▶ Your objective
The reply should hold only the lines from the one with "Nike Air Max 2015 (698902 006) schwarz 1" to the one with "285-Silicone Sex Doll-Mabel(M10)-150cm-E", both ends kept, exactly as they appear below, without any pictures.

▶ Data for analysis

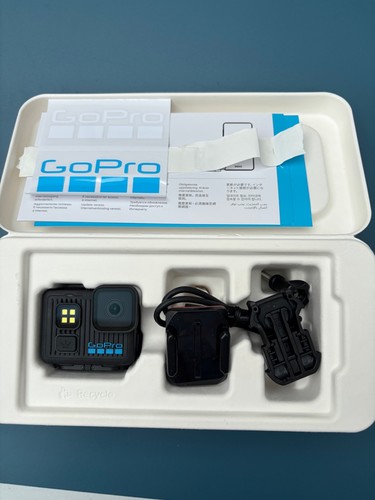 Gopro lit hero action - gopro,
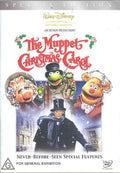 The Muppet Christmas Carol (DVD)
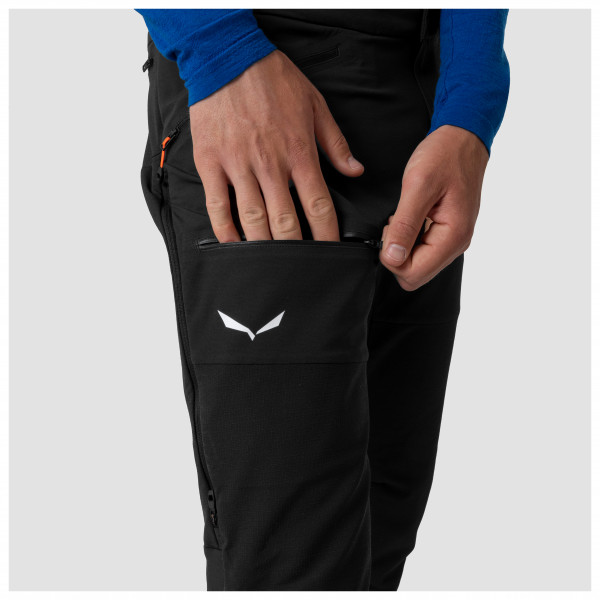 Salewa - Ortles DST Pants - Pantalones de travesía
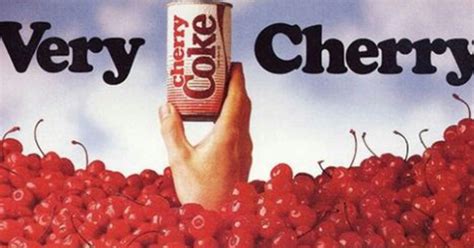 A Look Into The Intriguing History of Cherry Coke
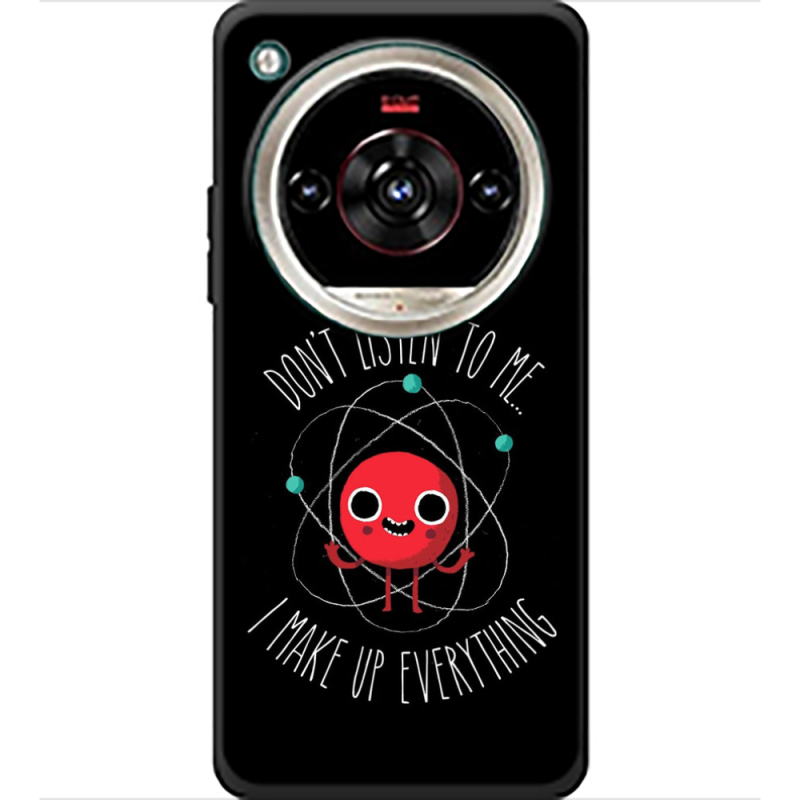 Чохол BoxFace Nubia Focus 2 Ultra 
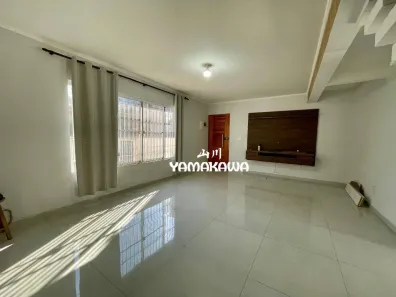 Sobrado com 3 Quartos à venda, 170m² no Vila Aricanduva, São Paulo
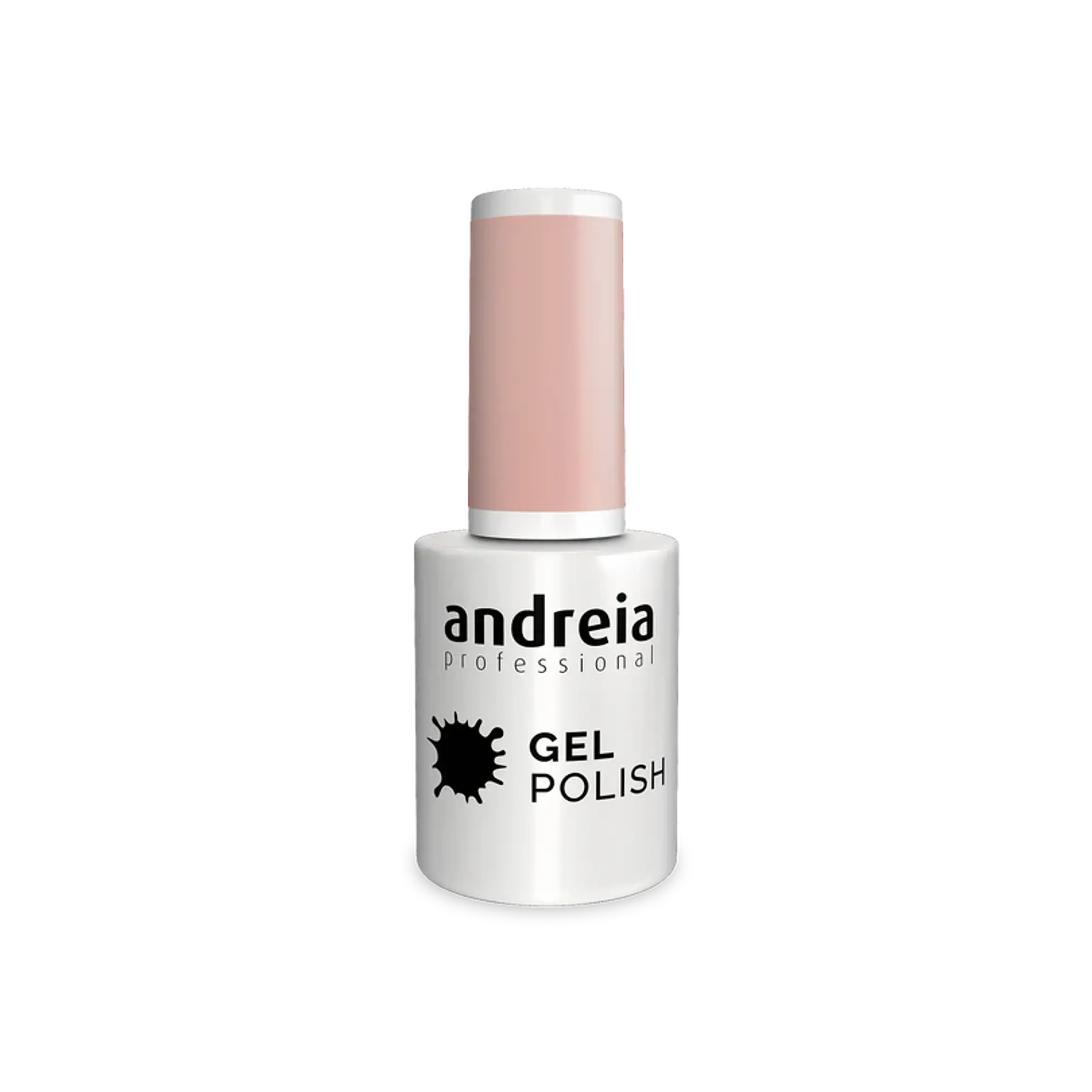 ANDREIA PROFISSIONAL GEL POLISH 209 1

...

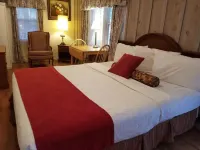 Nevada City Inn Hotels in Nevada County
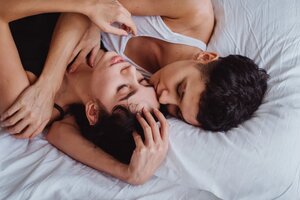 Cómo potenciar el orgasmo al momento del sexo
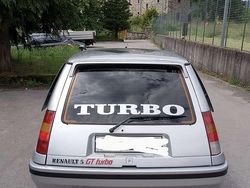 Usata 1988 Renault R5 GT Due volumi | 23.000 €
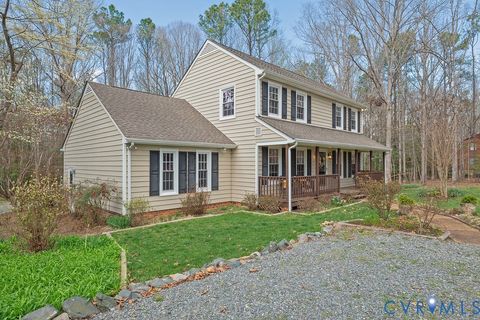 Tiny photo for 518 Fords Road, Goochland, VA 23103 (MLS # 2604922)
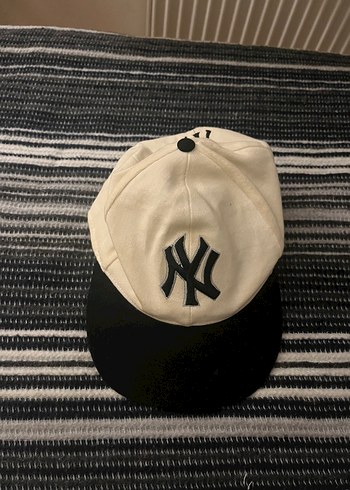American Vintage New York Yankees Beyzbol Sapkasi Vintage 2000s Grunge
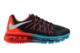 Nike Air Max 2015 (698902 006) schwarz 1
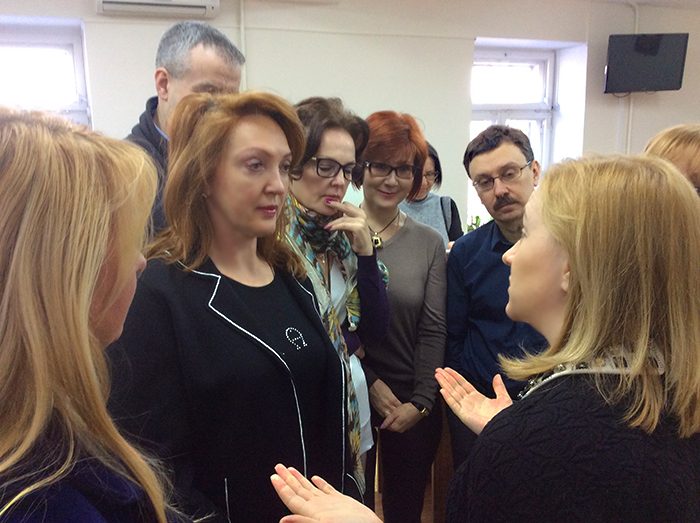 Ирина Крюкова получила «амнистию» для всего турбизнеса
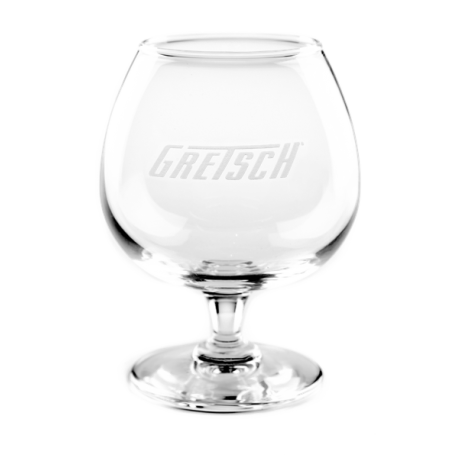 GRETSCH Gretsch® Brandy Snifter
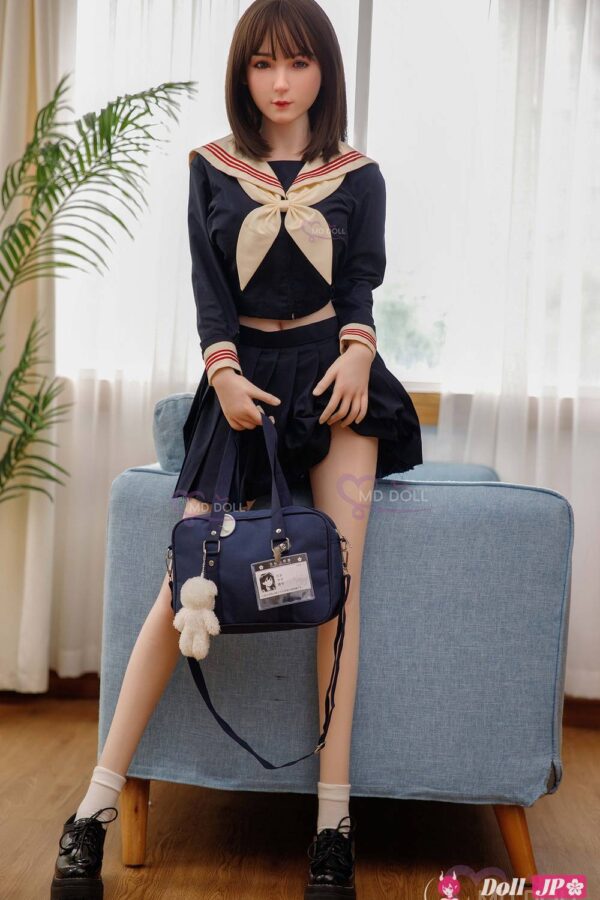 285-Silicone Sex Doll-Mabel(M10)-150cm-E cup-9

---

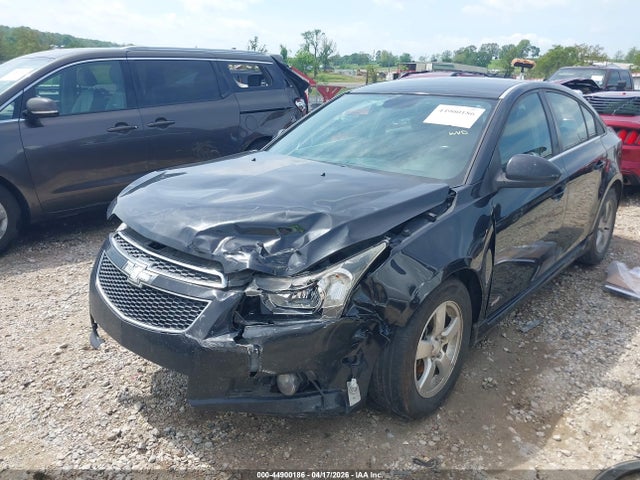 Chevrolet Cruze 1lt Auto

▶ Solved exercise
 Nike Air Max 2015 (698902 006) schwarz 1
 Ирина Крюкова получила «амнистию» для всего турбизнеса
 GRETSCH Gretsch® Brandy Snifter
 285-Silicone Sex Doll-Mabel(M10)-150cm-E cup-9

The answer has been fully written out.